Ce soir-là, j'étais à Paris quand j'ai pris connaissance de l'incendie. Ma première réaction a été la stupéfaction, et ce sentiment m'habite encore aujourd'hui. Le choc vers 22h, le 11 avril, fut très brutal. J'ai tenu bien sûr à savoir très rapidement s'il y avait des victimes et essayé de comprendre ce qui avait pu se passer. Même si on sentait des tensions ces derniers mois dans la cohabitation entre réfugiés afghans et irakiens, rien ne laissait présager un tel dénouement. J'avoue que je suis encore très perplexe.
Vous aviez mené un combat sans relâche pour édifier ce camp humanitaire. Quel est votre état d’esprit aujourd’hui ?
En un instant, des journées et des journées de travail, de réunions, de négociations se sont écroulées. Je repense à toutes ces personnes, aux humanitaires qui se sont démenés pour concrétiser ce projet. J'ai pu personnellement faire des rencontres extraordinaires, bien loin du cliché misérabiliste dont on entoure parfois le réfugié. Comme ce médecin irakien qui travaillait dans un hôpital de Bagdad et qui est prêt, une fois ses équivalences passées, à exercer sur Grande-Synthe en tant que généraliste...

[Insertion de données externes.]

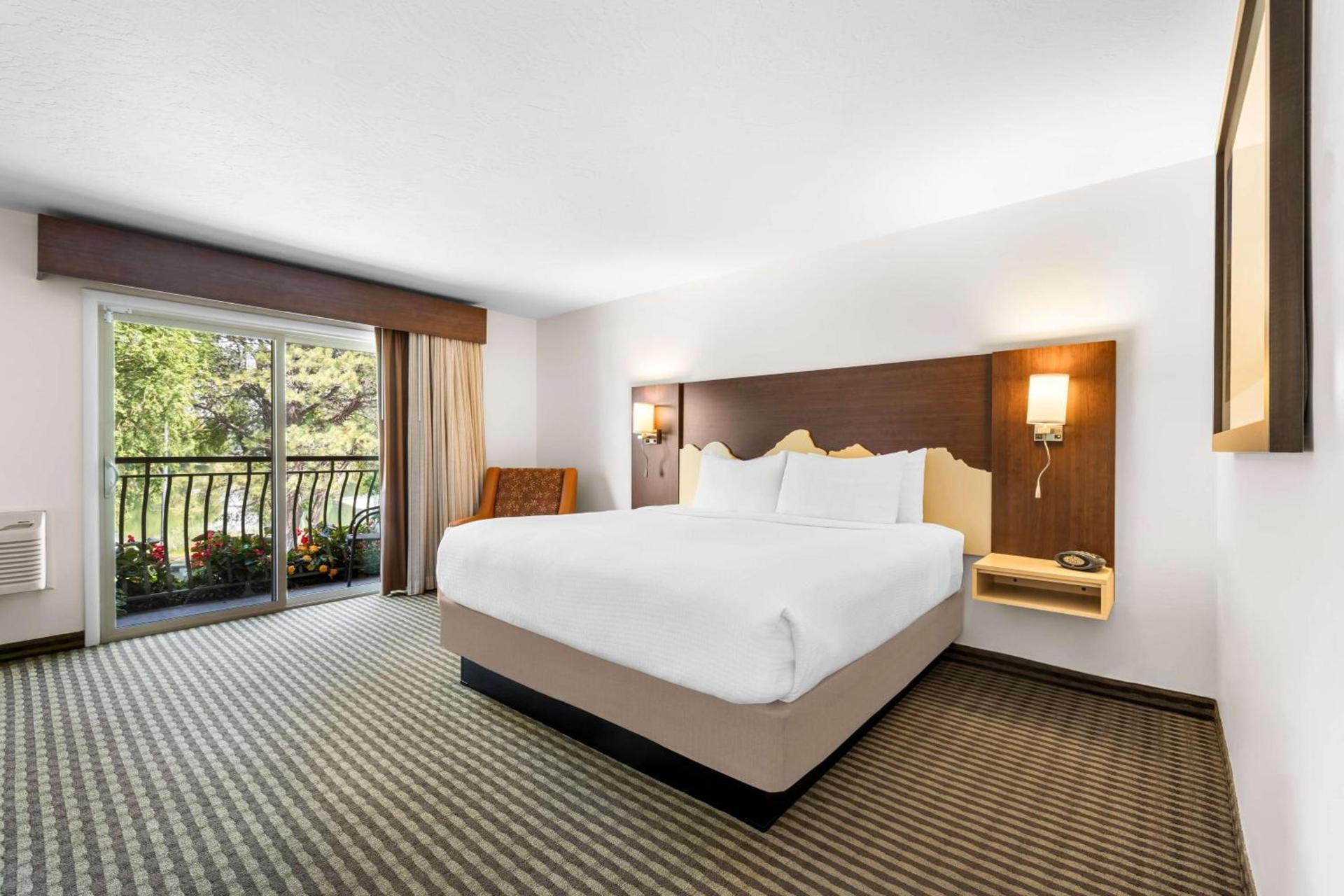 Best Western Driftwood Inn photo 13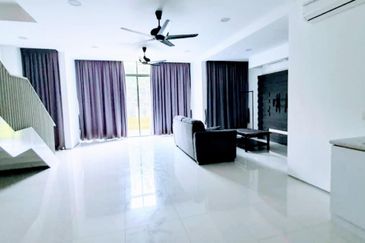 Mirage By The Lake @ Perdana Lakeview West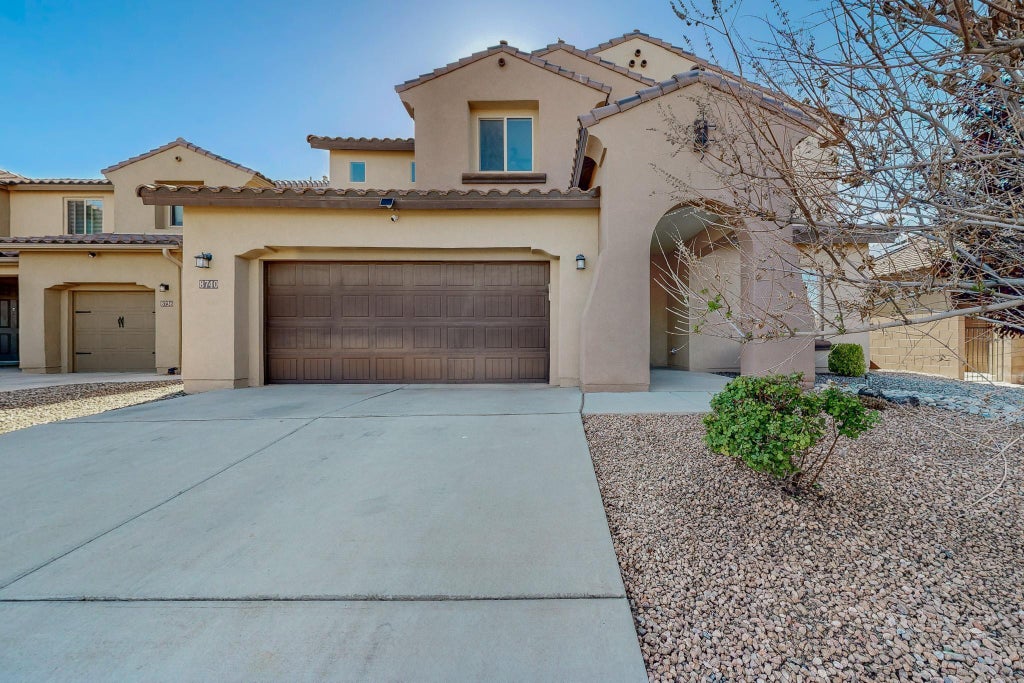 8740 Abierto Vista Circle, Albuquerque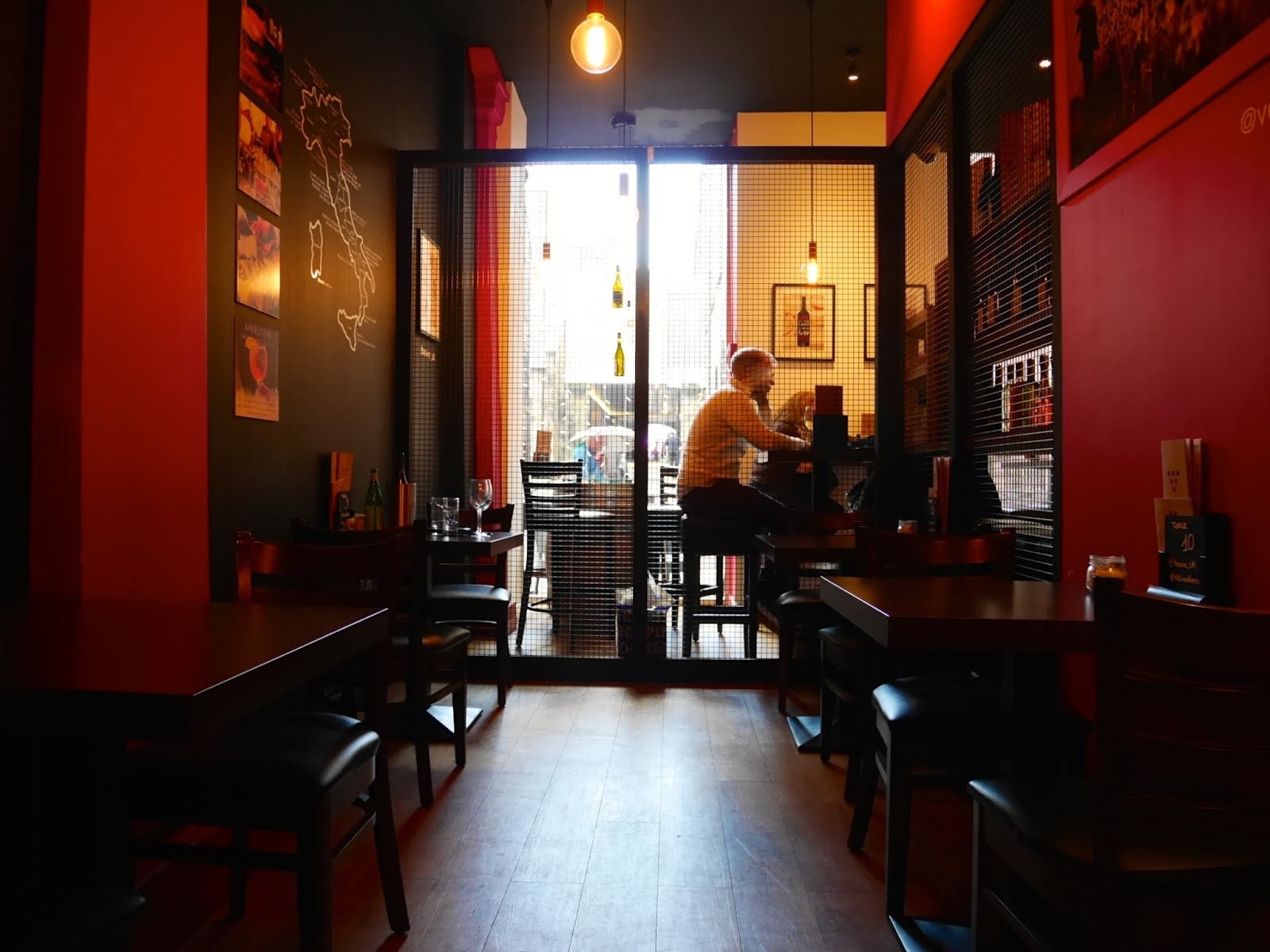 カジュアルワインバー！Veeno Edinburgh。 エディンバラ 〜ポテトこぼれ話〜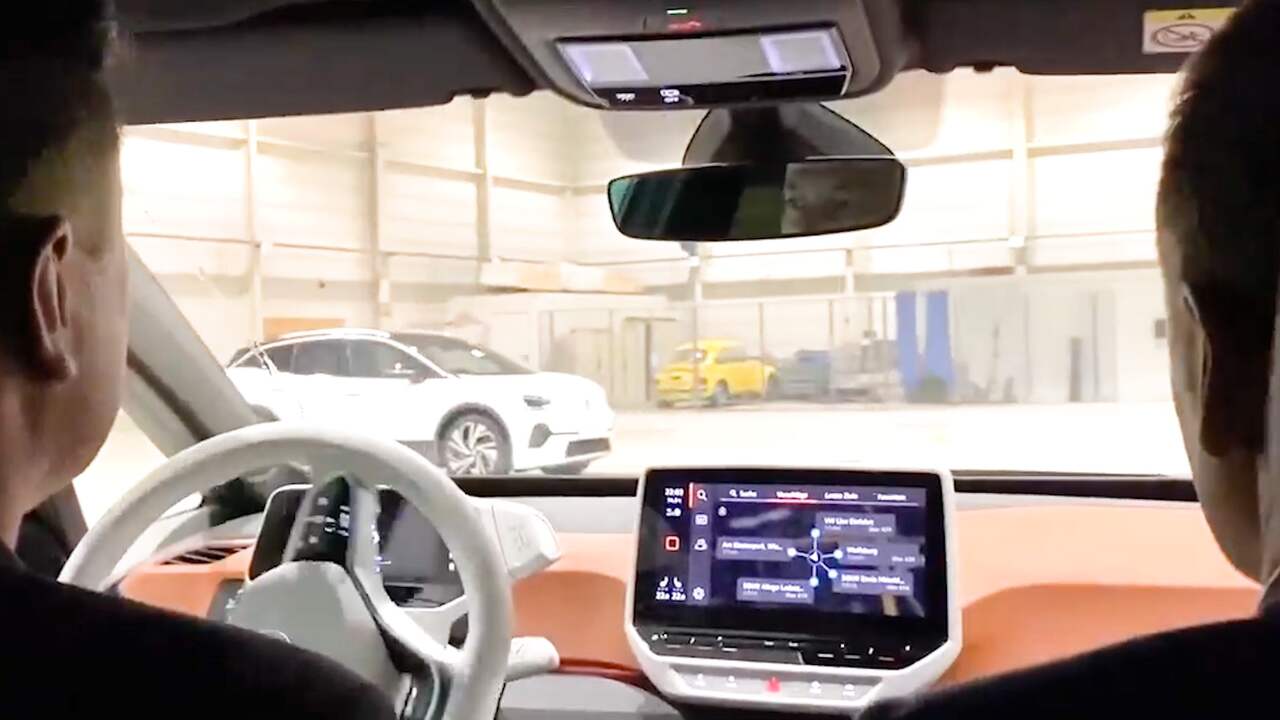 Teslatopman Elon Musk testte elektrische Volkswagen Onderweg NU.nl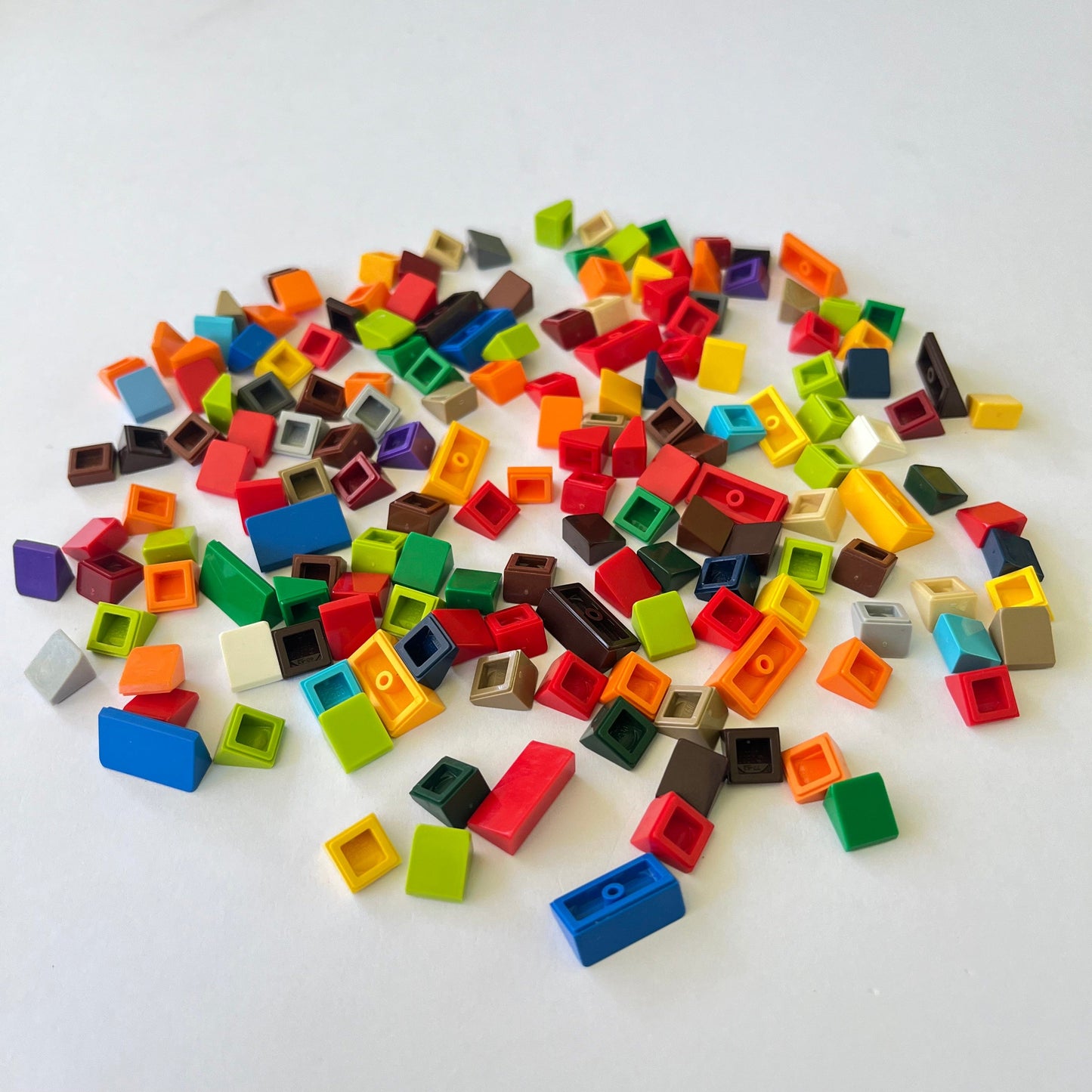 LEGO 1x1x2/3 Slopes, Mixed Colours, 165 Pieces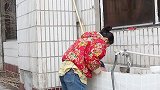 新婚夜儿媳发高烧，婆婆心疼去买药，回家后才知自己儿子不是人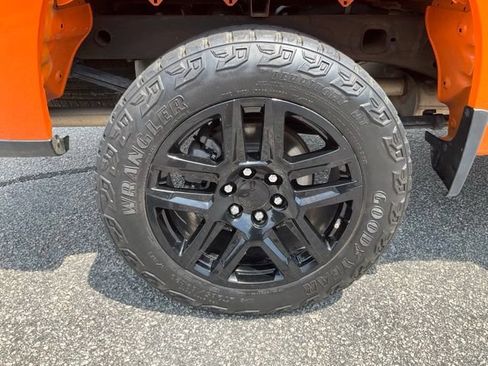 Used 2022 Chevrolet Silverado 1500 LT Trail Boss w/ LPO, Dark Essentials Package AWD/4WD image 24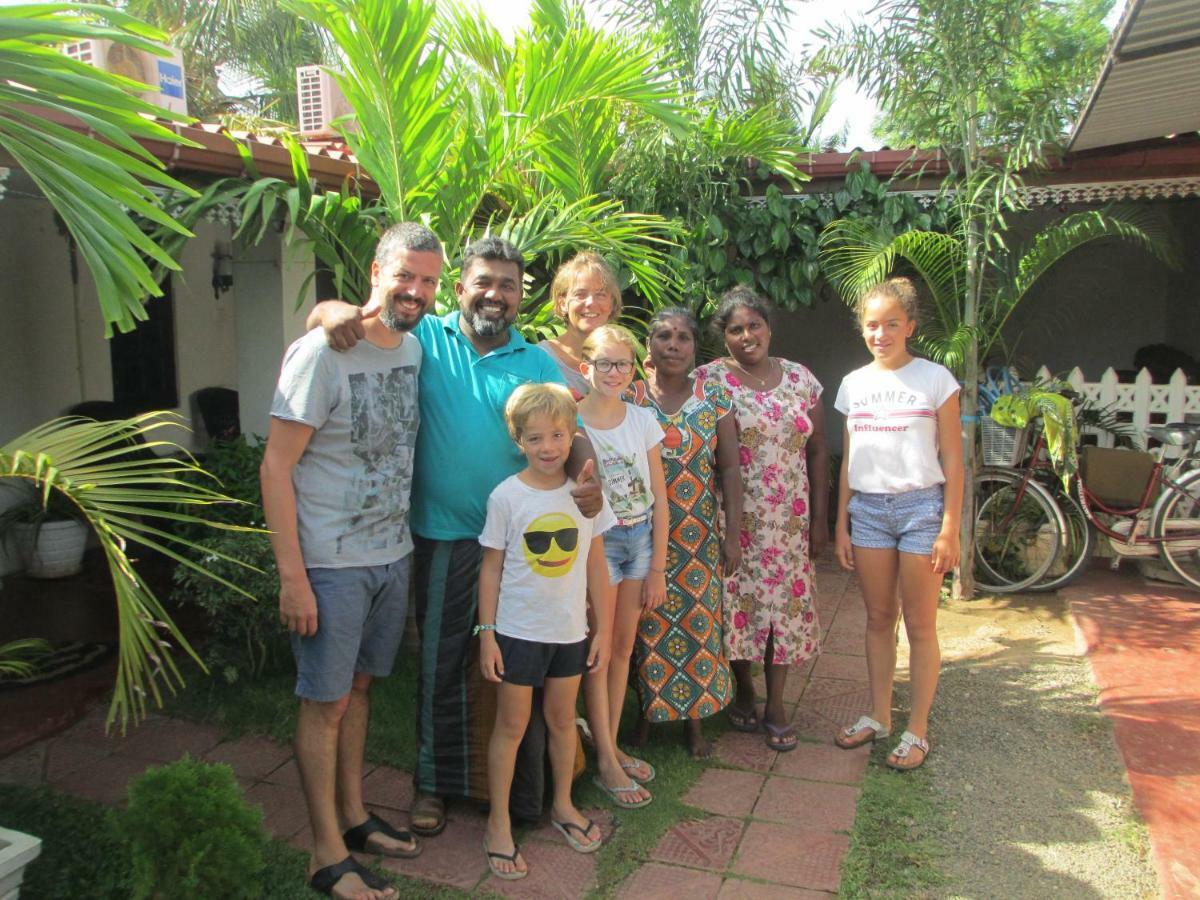 Uppuveli Beach House Trincomalee Exterior foto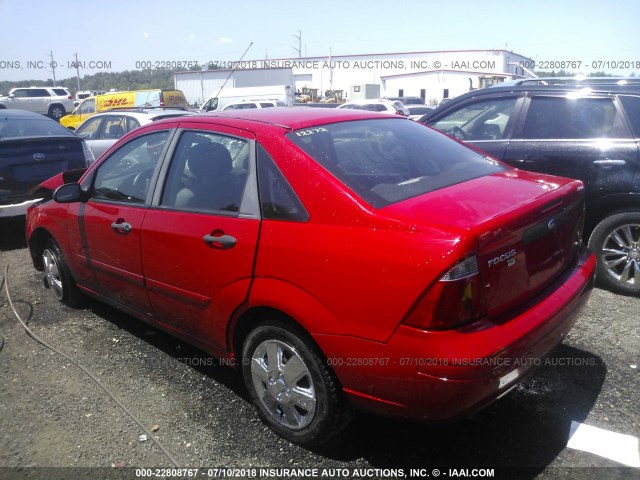 1FAFP34N67W236355 - 2007 FORD FOCUS ZX4/S/SE/SES RED photo 3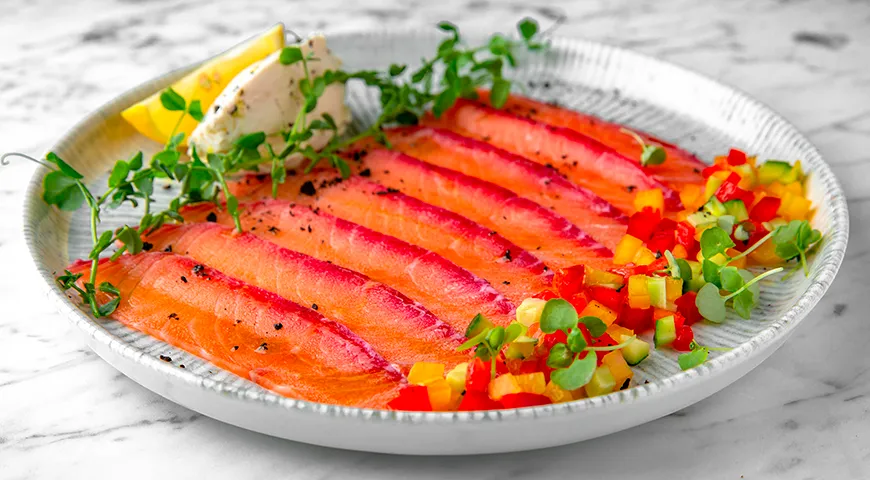 Слабосоленый лосось, приготовленный в свекольном соке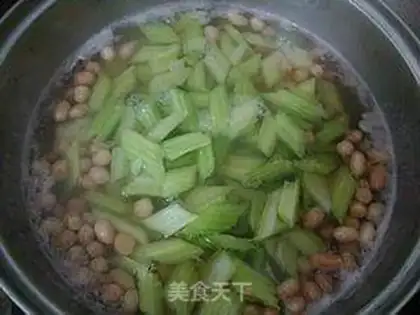 Make The cold peanuts, the celery step 6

L'Etat s'est-il impliqué comme vous le souhaitiez ?
Autant pour la construction du camp, il a fallu se battre bec et ongles pour se faire reconnaître par l'Etat, autant ses services ont été très réactifs lors des événements du 11 avril. Le préfet du Nord, Michel Lalande, a fait preuve d'une dignité, d'un soutien et d'une efficacité remarquables. Nous avons travaillé côte à côte pendant trois jours pour trouver des solutions aux 1400 migrants qui fréquentaient le camp de la Linière au moment des faits. Dans un premier temps, plus d'un millier d'entre eux ont été hébergés dans cinq gymnases, dont trois à Grande-Synthe. Puis le préfet a su mobiliser ses collègues et les élus pour trouver des places en CAO (centre d'accueil et d'orientation). Une très grande partie des réfugiés du camp est aujourd'hui relogée. Il reste sur la région quelques récalcitrants qui veulent coûte que coûte, rejoindre l'Angleterre mais ils sont minoritaires.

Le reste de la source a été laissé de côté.